Tous les articles par Machin

L’Anomalie, d’Hervé Le Tellier

Roman français de 2021. 4 mois après son atterrissage, la copie parfaite d’un avion de ligne réapparaît dans les airs. Les passagers sont mis au secret par le gouvernement des États Unis qui constate qu’ils existent en deux versions, une quatre mois plus jeune que l’autre.

C’était agréable à lire mais assez anecdotique, un peu de la sf pour personnes qui n’ont pas l’habitude d’en lire. Les deux points clefs c’est l’acceptation par les gouvernements et le monde que l’événement est réel et ce que ça implique sur la nature de notre monde, l’autre c’est la présentation des vies des passagers et l’impact que le fait de se rencontrer eux même avec quatre mois de décalage à sur leurs diverses trajectoires de vie. Et il y a un enrobage politique contemporain à base de Trump et Macron qui n’a aucun intérêt.

Mais bon voilà, les personnages sont attachants sans être bouleversants pour autant, il n’y a pas particulièrement un style d’écriture, le côté sf ne va pas très loin. Ça passe le temps mais ça remporterait jamais un Hugo, je sais pas trop pourquoi il a eu le Goncourt.

La Nuée, de Just Philippot

Virginie est une agricultrice qui s’est reconvertie dans l’élevage de sauterelles à la mort de son mari. Mais son exploitation périclite, les insectes ne se reproduisant pas assez, jusqu’au jour où elle découvre que le sang de mammifères est un formidable booster de croissance des orthoptères. Elle va alors cran hir de nombreuses limites éthiques l’une après l’autre pour assurer la survie de sa ferme et de sa famille.
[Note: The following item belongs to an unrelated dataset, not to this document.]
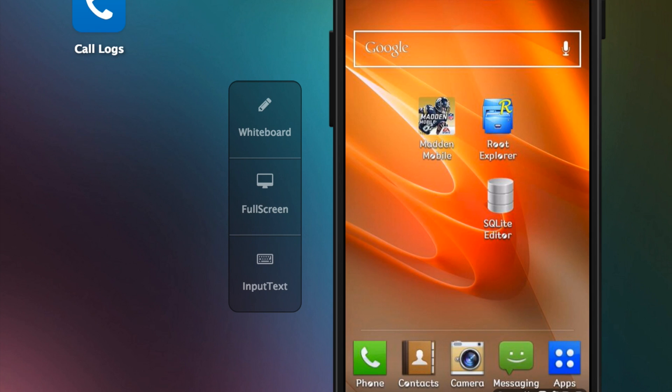Hey what's up guys, it's Alex. In this video I'm going to show you how to change the 'You Won' text in the Madden Mobile auction house. You're gonna need three apps to do this: Madden Mobile, Root Explorer Pro, and SQLite Editor Pro.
J’ai beaucoup aimé le début du film, qui installe très bien l’ambiance, à la fois les éléments qui permettent une trame horrifique et un côté plus social de l’agriculture qui galère, du soutien et de la méfiance entre voisins, surtout envers cette activité non traditionnelle, et du rejet des enfants à l’école à cause de cette activité. J’ai aussi trouvé que la photographie était très belle, des plan superbes (notamment un où Virginie fumé une cigarette à contre-jour sur un crépuscule bleuté, avec la tache orange de la braise de sa clope). L’ambiance musicale est très réussie aussi, avec le crissement des sauterelles qui va s’intensifiant. Mais la deuxième partie du film – à partir du moment où tout est installé et que des sauterelles s’échappent de l’élevage – tombe dans un faux rythme. La tension s’élève puis retombe, les séquences se répètent, la menace que représente les sauterelles varie d’un moment à l’autre. C’est dommage parce qu’il y avait un très gros potentiel, les acteurs jouent très juste, mais le scénario ne sait pas gérer la partie horrifique/tension. Mais c’est prometteur pour les films suivants du réalisateur.
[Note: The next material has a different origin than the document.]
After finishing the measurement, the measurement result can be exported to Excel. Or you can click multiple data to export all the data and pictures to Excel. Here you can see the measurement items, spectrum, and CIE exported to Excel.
Bénie soit Sixtine, de Maylis Adhémar

Roman français de 2014. Sixtine est une femme élevée dans une secte catholique intégriste. Mariée à 24 ans à Pierre-Marie Sue de la Garde qui va faire le coup de poing avec ses collègues de la Milice contre les gauchistes et les promoteurs du mariage pour tous, elle est supposée se réaliser dans son rôle de mère de famille et dans les sessions de prière. Mais via des amies issues de mouvements catholiques moins intégristes, elle a eu un aperçu d’une autre vie possible et n’arrive pas à se faire au rôle qu’on lui assigne.

J’ai bien aimé. Le livre décrit bien le fonctionnement en vase clos de la secte et les doutes de Sixtine. Warning, On a une focalisation de la narration sur son point de vue donc on a son opinion d’extrême droite sur pas mal de sujet, même si le livre remet pas mal ça en question de façon plus large, on peut ne pas avoir envie de lire ça.

La façon dont Sixtine quitté l’emprise de la secte et de sa famille est intéressante, le point de bascule qui est un mélange de refus des préceptes d’éducation des enfants de sa belle mère et la contradiction flagrante entre les préceptes habituels et la façon dont on lui dit que va s’appliquer à son cas qui lui montre que y’a quand même quelque chose qui ne va clairement pas. Le livre montre bien ses doutes sur le fait d’avoir fait le bon choix, le fait qu’elle quitte la secte mais garde en grande partie leur cadre de pensée, mais aussi qu’en se retrouvant dans un environnement différent elle voit bien comment beaucoup d’éléments ne tiennent pas, que les gens qu’on lui a présenté comme des monstres n’en sont pas.

L’ancrage géographique de la seconde moitié du livre dans le Tarn et l’Ariège était un bonus sympa, c’est marrant de connaître les noms de lieux et d’avoir des images réalistes de l’environnement de l’action en tête. Il y a peut être un peu d’idealisme dans la façon dont Sixtine s’intègre facilement à sa nouvelle communauté et dont les conflits s’apaisent, mais j’ai bien aimé néanmoins.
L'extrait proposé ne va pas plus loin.